Dr. Rosen expressed sympathy to Jahi’s family, but Sandra believed they hadn’t given Jahi the treatment she truly deserved. The family worked with a social worker who urged them to start thinking about taking Jahi off of the ventilator and to donate her organs. The family refused, demanding explanations and medical records before they decided anything. The hospital denied them the records as long as Jahi remained in their care. Nailah was in disbelief that her daughter was dead. Jahi still had warm, soft skin, and would move her limbs on occasion. These were signs of life, signs that Jahi could eventually recover.

A week passed by, and Jahi was still on life support. The family’s lawyer, Christopher Dolan, wrote a cease and desist order stating that removing Jahi from life support would violate her and her family’s civil rights. He also noted that the hospital was infringing on the family’s religious rights. Nailah, who is a Christian, believed that Jahi’s soul was still in her body. However, a judge ruled her legally dead by medical examination and ordered the hospital to release her body to the county coroner. In January 2014, Jahi was issued a death certificate.

With the help of their lawyer, Jahi’s family got the hospital to agree to release Jahi with a ventilator and intravenous fluid lines. She was airlifted to an undisclosed location in New Jersey, which is one of two states (the other being New York) where the religious rights of the family are protected in cases of brain death. The laws were originally implemented to accommodate Orthodox Jews, who sometimes believed that life is signified by the presence of breath. The hospital was also able to administer a feeding and breathing tube, a request previously denied at the Children’s Hospital in Oakland, California. This is because they believed Jahi to be dead, and providing time and medical care to a dead patient is morally irresponsible. The family estimated the cost of her weekly hospital care at $150,000 a week. That’s over half of the settlement money they could receive in a malpractice lawsuit if they accepted her death. Malpractice lawsuits for living children have no cap on settlement money in California—another reason to argue that she is alive.

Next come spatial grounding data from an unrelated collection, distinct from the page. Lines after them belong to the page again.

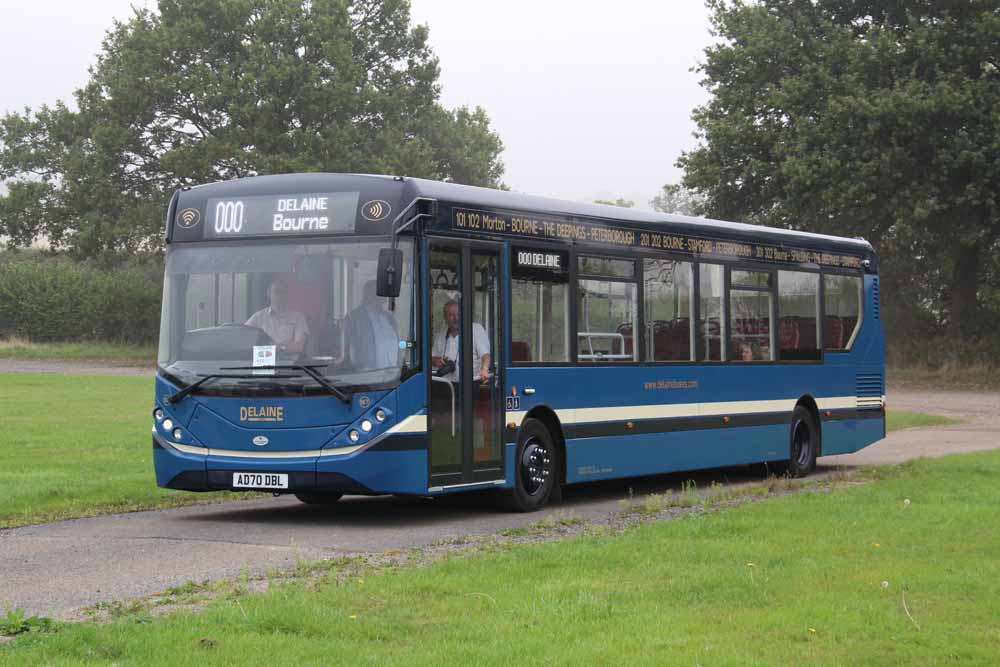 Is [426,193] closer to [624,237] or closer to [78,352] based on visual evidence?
[624,237]

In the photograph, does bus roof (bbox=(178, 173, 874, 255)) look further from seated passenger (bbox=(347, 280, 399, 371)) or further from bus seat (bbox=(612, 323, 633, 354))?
bus seat (bbox=(612, 323, 633, 354))

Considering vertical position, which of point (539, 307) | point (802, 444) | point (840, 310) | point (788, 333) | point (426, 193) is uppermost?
point (426, 193)

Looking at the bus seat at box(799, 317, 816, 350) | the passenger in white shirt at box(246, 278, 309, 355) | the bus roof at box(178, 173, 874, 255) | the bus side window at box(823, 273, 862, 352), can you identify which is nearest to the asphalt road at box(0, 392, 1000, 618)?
the passenger in white shirt at box(246, 278, 309, 355)

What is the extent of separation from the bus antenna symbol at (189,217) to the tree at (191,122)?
37113 mm

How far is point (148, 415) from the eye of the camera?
28203 millimetres

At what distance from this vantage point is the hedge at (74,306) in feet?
197

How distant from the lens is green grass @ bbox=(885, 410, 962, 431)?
30125mm

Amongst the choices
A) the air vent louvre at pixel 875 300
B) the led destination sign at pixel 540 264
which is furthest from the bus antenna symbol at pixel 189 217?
the air vent louvre at pixel 875 300

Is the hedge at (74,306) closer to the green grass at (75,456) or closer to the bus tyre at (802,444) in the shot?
the green grass at (75,456)

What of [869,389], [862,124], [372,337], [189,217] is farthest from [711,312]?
[862,124]

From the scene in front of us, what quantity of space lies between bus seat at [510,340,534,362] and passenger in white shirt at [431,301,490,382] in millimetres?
400

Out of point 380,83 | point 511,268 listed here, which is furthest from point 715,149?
A: point 511,268

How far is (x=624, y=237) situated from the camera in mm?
16703

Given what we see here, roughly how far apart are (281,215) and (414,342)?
1699mm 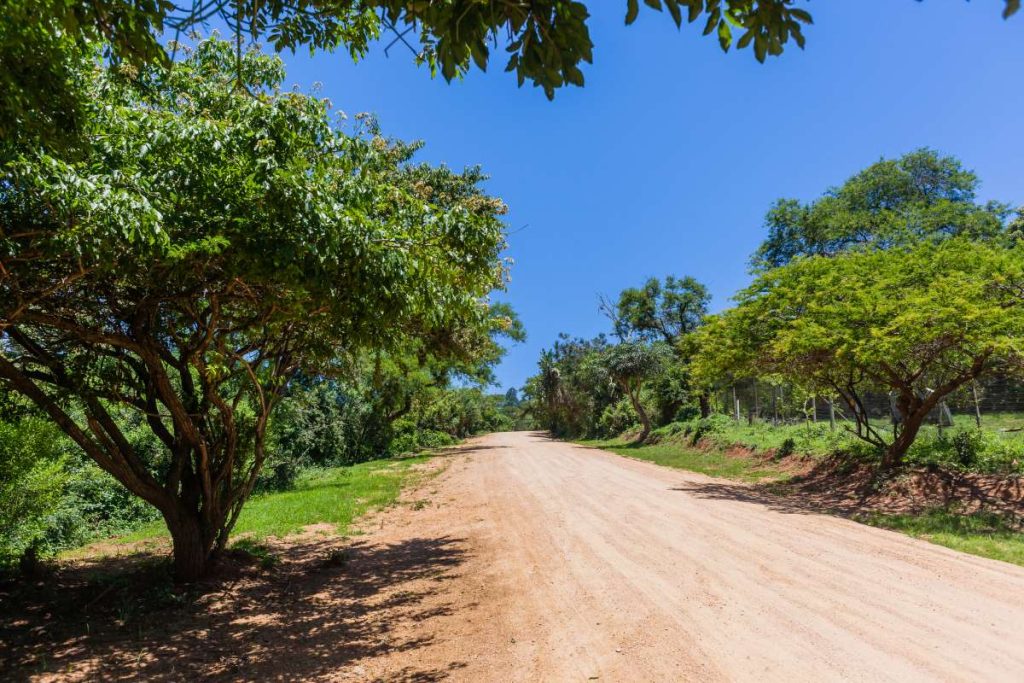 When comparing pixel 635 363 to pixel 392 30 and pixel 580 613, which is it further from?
pixel 392 30

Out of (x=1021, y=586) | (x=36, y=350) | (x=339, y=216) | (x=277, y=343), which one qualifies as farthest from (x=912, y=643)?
(x=36, y=350)

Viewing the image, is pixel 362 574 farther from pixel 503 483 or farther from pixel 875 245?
pixel 875 245

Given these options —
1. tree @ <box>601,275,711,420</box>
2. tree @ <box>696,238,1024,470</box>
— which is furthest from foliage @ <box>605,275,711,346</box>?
tree @ <box>696,238,1024,470</box>

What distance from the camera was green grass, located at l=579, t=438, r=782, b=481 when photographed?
53.9ft

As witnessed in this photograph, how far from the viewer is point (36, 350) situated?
6262 mm

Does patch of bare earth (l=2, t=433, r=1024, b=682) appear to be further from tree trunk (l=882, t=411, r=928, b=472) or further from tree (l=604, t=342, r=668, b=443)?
tree (l=604, t=342, r=668, b=443)

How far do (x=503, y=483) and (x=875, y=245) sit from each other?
1484cm

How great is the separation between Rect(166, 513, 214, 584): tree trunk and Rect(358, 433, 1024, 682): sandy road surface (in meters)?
3.17

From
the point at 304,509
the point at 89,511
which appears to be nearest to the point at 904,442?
the point at 304,509

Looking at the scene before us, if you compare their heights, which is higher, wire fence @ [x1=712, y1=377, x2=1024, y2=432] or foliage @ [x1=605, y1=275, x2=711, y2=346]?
foliage @ [x1=605, y1=275, x2=711, y2=346]

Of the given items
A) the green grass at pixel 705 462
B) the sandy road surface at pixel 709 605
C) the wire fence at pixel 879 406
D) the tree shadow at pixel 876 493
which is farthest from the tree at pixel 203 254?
the wire fence at pixel 879 406

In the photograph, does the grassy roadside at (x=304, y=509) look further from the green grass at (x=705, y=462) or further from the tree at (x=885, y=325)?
the tree at (x=885, y=325)

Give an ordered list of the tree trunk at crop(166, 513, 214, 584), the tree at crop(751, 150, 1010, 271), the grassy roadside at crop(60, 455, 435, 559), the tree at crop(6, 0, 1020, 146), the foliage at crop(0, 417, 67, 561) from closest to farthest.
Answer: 1. the tree at crop(6, 0, 1020, 146)
2. the tree trunk at crop(166, 513, 214, 584)
3. the foliage at crop(0, 417, 67, 561)
4. the grassy roadside at crop(60, 455, 435, 559)
5. the tree at crop(751, 150, 1010, 271)

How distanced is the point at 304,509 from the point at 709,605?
1045cm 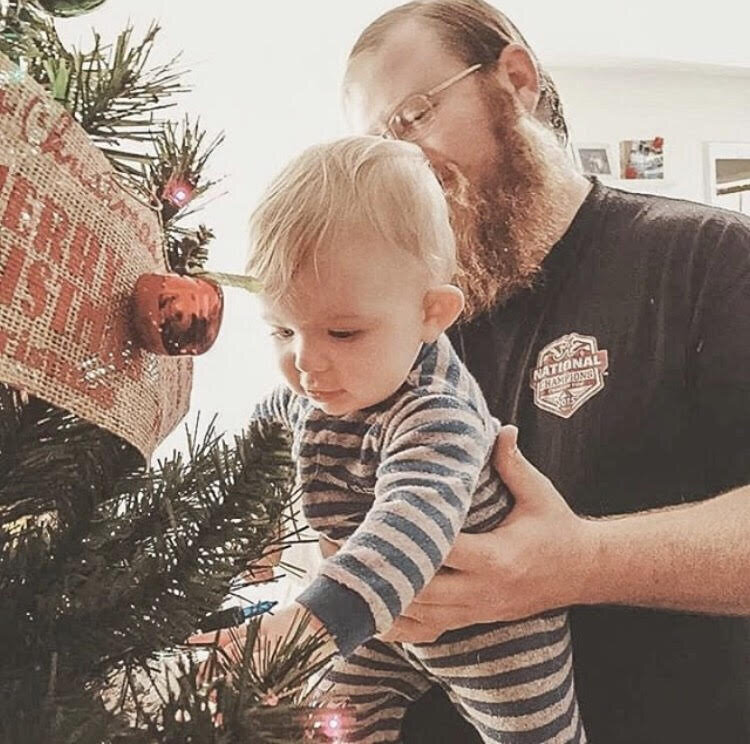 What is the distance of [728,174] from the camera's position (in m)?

Accepting Jahi as legally dead is the most ethical approach to this case, and perhaps the most difficult for the family. Providing continuing care to a patient who is brain dead, as it is defined in the Uniform Determination of Death Act, benefits no one. It impacts other patients who have a chance of recovery and are in need of medical staff, treatment, and resources.

Beyond the accommodation period of life support, continuing care may encourage “folie a famille,” a shared psychosis of the patient’s family. Nailah believes her daughter is only “sleeping.” She has videos of her moving a finger or toe on command, despite doctors dismissing the movements as Lazarus signs.

Challenging the status of death also raises concern for those in need of organ transplants. Several hundred thousand patients are on waitlists for transplants, most of which come from braindead patients. One of the only organs transplanted from a living person is the kidney. Several thousand people also die each year because the organs they receive are not successful enough, or they don’t receive organs at all. If brain death is challenged, more and more irreversibly brain-injured patients will remain on life support with harvestable organs that could be used to save another person’s life. Often times the decision against donating organs of a braindead patient is based on the religion of the patient’s family and the faith they cling to that they’ll recover. Brain death should be understood and accepted in the lay community in the same manner as cardiac death.

As court cases continue, including a malpractice lawsuit against Dr. Rosen, Jahi sadly remains “alive” but hardly living to this day.